[Start of section]

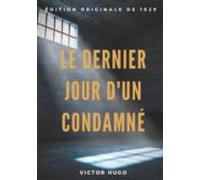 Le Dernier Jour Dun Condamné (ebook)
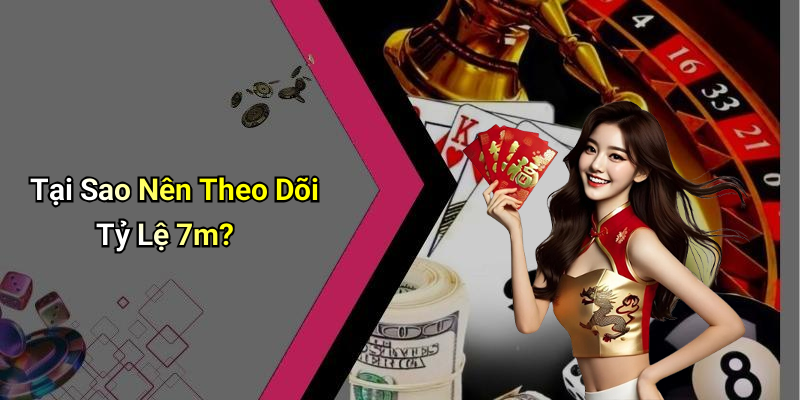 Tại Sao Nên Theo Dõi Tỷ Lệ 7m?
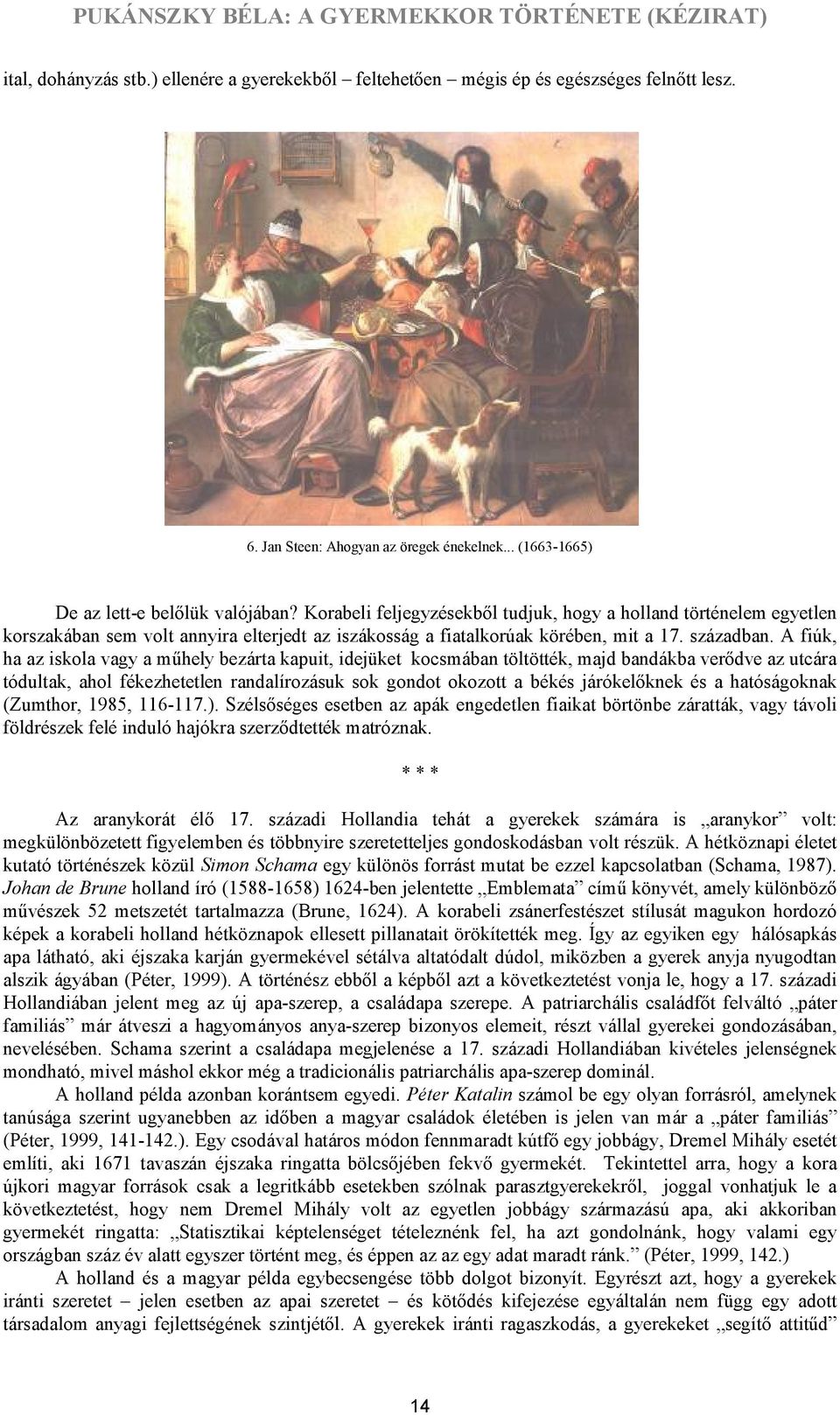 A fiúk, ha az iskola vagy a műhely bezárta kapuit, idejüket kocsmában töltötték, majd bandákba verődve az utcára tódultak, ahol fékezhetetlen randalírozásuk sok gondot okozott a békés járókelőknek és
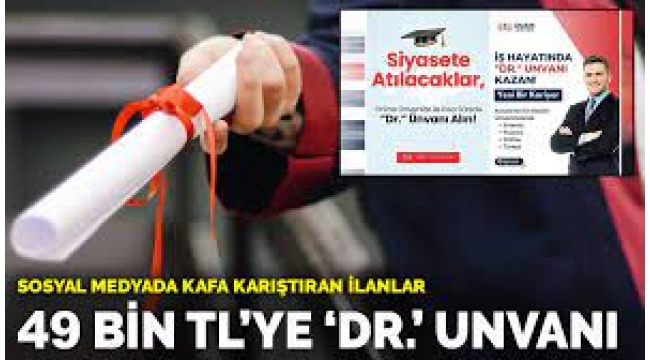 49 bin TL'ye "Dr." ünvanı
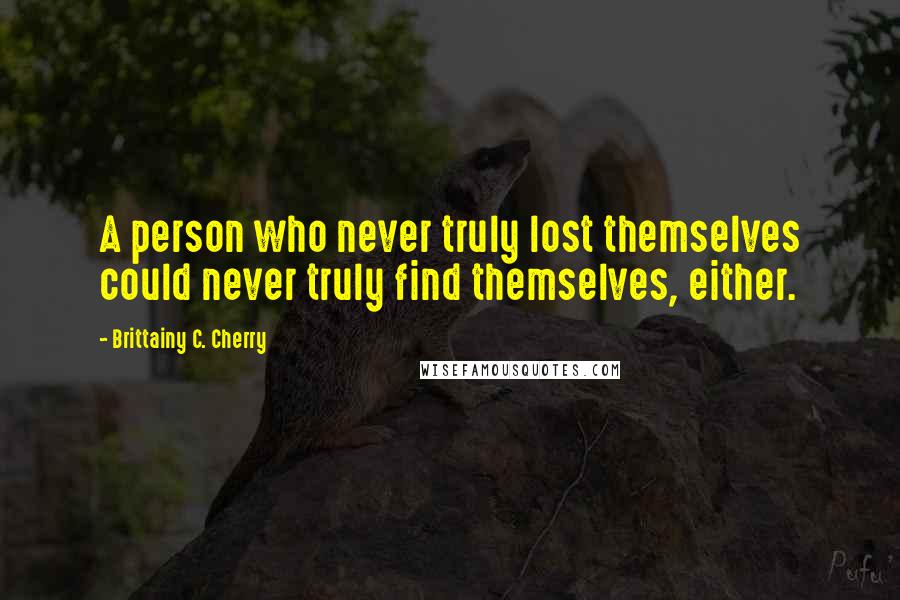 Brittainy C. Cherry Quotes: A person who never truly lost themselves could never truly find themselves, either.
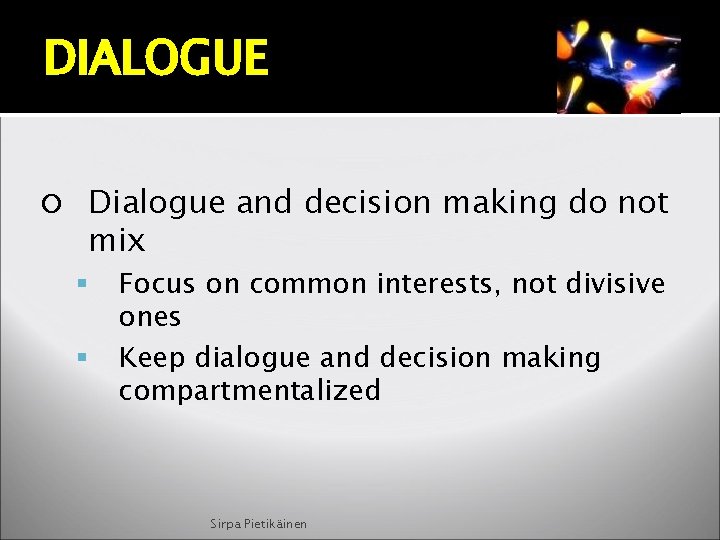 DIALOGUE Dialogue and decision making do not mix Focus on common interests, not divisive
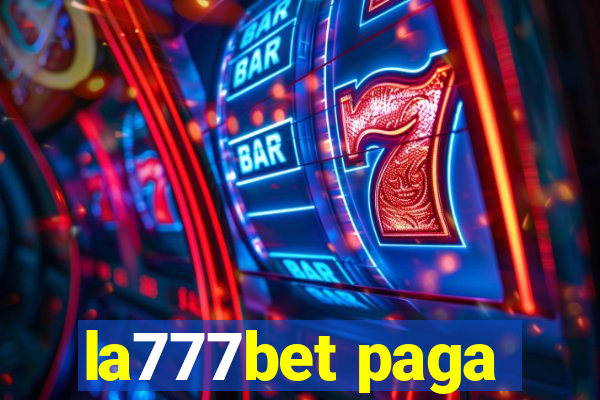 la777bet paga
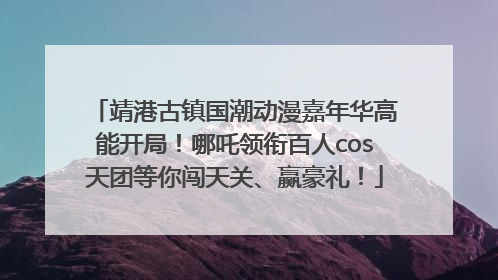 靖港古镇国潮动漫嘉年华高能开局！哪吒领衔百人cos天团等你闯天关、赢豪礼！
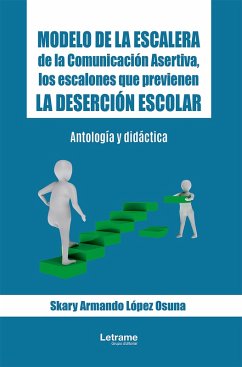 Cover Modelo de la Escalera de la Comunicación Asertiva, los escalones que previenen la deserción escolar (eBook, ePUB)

[End of section]
[Start of section]

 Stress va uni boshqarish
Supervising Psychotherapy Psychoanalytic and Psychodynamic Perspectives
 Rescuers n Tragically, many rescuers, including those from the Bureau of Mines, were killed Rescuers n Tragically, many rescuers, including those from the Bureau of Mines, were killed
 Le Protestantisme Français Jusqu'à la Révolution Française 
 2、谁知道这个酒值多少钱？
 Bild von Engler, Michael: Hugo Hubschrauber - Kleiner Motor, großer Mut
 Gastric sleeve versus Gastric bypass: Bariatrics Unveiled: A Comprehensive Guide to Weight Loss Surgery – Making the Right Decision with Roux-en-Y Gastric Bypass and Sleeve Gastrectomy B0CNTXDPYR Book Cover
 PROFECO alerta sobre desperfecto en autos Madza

[End of section]

## Required work
Transcribe, from the material above, the stretch starting at the line with "Le Dernier Jour Dun Condamné (ebook)" and ending at the line with "靖港古镇国潮动漫嘉年华高能开局！哪吒领衔百人cos天团等你闯天关、赢豪礼！", both included, exactly. Do not carry over pictures.

## Written response
 Le Dernier Jour Dun Condamné (ebook)
 Tại Sao Nên Theo Dõi Tỷ Lệ 7m?
 A fiúk, ha az iskola vagy a műhely bezárta kapuit, idejüket kocsmában töltötték, majd bandákba verődve az utcára tódultak, ahol fékezhetetlen randalírozásuk sok gondot okozott a békés járókelőknek és
 49 bin TL'ye "Dr." ünvanı
 Brittainy C. Cherry Quotes: A person who never truly lost themselves could never truly find themselves, either.
 DIALOGUE Dialogue and decision making do not mix Focus on common interests, not divisive
 la777bet paga
 靖港古镇国潮动漫嘉年华高能开局！哪吒领衔百人cos天团等你闯天关、赢豪礼！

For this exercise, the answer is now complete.